Part Two started off again with the Ice Age, whose imminence was foretold by the wind patterns. Professor Reid Bryson placidly warned that the jig was up, but Professor Bert Bolin of Sweden seemed more optimistic. ‘There is a lot of öl and there are vast amounts of cöl left.’ We should watch out, however, for excess carbon dioxide, which threatens to overheat the atmosphere. According to my own computations, carried out on an abacus, this would be highly desirable, since it would hold back the Ice Age and keep the polar bear from eating Magnus. ‘The dim predictions of an advancing desert may be right,’ mused Soames, ‘and they may not’ A sample of mud was correctly described as ‘meaningless mud to the casual eye.’

Japanese scientists swarmed. We were shown for the nth time how a research team ‘communicates with a powerful computer.’ Magnus, still in one piece, was back on top of the world. Persil fell from the gantry, representing snow. ‘According to old Norse Folk Lore... end of the world.’

‘The Weather Machine’ was son and heir to last year’s blockbuster ‘The Life Game,’ which was similarly elephantine and trivial, and pioneered the dubious technique of using a lavish budget to flesh out a nebulous script, with Science in the star part. In both cases it looked as if the narrative had been written around the footage. I have seen this kind of epic compared to series like ‘Civilisation’ or ‘America,’ but really there is no similarity, because those were personal views, whereas the science blockbuster tends to be a collective picture, eclectic from the beginning. It has become a very bad tradition and ought to he given up.

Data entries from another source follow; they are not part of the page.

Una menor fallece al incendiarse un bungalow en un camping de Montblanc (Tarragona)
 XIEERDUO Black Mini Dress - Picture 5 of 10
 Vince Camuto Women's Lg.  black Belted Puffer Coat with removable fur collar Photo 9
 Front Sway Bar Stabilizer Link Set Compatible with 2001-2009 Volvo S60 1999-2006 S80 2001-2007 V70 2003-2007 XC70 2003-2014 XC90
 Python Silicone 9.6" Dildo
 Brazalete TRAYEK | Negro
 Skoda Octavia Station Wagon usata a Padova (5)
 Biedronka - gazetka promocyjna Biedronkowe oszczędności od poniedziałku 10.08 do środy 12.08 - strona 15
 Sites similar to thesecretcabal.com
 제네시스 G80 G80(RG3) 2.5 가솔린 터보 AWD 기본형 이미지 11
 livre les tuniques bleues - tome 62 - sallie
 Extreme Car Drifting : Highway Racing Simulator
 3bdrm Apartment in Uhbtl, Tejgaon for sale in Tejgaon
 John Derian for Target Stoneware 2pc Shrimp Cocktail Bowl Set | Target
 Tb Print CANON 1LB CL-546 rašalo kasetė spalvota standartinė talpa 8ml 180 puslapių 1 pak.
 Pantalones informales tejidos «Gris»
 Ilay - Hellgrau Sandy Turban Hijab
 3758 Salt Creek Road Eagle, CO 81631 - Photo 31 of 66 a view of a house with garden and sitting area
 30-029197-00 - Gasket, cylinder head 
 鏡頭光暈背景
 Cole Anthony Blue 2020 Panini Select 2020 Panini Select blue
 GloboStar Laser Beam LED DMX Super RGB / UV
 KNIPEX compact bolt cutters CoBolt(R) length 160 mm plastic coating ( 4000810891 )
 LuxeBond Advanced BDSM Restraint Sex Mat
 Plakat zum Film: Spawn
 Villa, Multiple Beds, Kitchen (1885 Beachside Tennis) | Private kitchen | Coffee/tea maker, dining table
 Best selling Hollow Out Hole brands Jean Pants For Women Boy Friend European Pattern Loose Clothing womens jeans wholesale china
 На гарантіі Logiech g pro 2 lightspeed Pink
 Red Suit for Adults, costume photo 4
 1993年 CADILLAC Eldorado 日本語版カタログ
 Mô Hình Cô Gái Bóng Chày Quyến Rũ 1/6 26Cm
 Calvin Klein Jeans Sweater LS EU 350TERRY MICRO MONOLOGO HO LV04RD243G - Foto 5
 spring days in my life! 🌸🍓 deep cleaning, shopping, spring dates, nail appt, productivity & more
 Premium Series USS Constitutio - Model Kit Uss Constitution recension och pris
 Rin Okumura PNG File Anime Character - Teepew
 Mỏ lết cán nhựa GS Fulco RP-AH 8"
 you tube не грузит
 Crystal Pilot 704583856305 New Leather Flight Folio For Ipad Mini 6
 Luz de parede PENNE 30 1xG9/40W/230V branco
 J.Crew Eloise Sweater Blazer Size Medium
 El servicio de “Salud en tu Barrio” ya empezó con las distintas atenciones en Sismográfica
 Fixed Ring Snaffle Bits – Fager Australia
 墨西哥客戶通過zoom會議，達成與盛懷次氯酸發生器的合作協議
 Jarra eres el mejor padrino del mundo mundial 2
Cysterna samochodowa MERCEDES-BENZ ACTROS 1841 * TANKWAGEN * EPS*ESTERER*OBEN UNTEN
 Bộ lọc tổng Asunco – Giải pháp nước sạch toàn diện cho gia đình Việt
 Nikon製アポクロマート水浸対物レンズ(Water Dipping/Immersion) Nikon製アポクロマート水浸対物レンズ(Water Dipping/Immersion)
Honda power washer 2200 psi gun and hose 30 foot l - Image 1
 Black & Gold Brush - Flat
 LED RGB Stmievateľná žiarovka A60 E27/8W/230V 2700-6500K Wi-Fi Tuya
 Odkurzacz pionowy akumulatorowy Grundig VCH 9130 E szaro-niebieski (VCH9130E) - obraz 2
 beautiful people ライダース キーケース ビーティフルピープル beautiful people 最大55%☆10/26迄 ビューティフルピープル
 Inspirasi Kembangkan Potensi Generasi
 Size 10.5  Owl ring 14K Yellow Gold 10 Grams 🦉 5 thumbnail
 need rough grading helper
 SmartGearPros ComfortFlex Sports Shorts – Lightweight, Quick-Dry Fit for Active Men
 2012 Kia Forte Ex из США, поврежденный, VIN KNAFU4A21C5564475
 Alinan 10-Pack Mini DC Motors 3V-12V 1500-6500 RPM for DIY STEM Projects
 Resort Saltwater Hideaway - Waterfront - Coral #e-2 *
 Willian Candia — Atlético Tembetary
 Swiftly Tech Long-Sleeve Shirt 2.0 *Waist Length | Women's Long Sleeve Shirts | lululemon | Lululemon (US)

The Mighty Continent (BBC1), on the other hand, is similar to ‘Civilisation’ and ‘America,’ except that it has none of their virtues, and is really Peter Ustinov’s standard after-dinner speech about his grandfather, except that he delivers it in various European capitals. But Cakes and Ale (BBC2) is excellently done. Maugham is, of course, ideal dramatic material, being all character-points and no style, which leaves plenty of room for fruitful activity on the part of everyone from the director to the wardrobe mistress. Since most of the characters spend a good deal of their time standing around discussing what a vital, generous, warm-blooded creature Rosie is, it is something of a triumph that Judy Cornwell, who is playing her, should be able to race on and actually convince us that she is vital, generous and warm-blooded.

Jennie (Thames) is ageing even more slowly than Glencora: while the boys around her turn to men and the men turn to doddering fools, she goes on looking exactly like Lee Remick. I was getting set to be divertingly snide about this, but then it all happened in Beit Shean, and then it happened again in Birmingham, and the thrill was gone. Polar bears, coming nearer.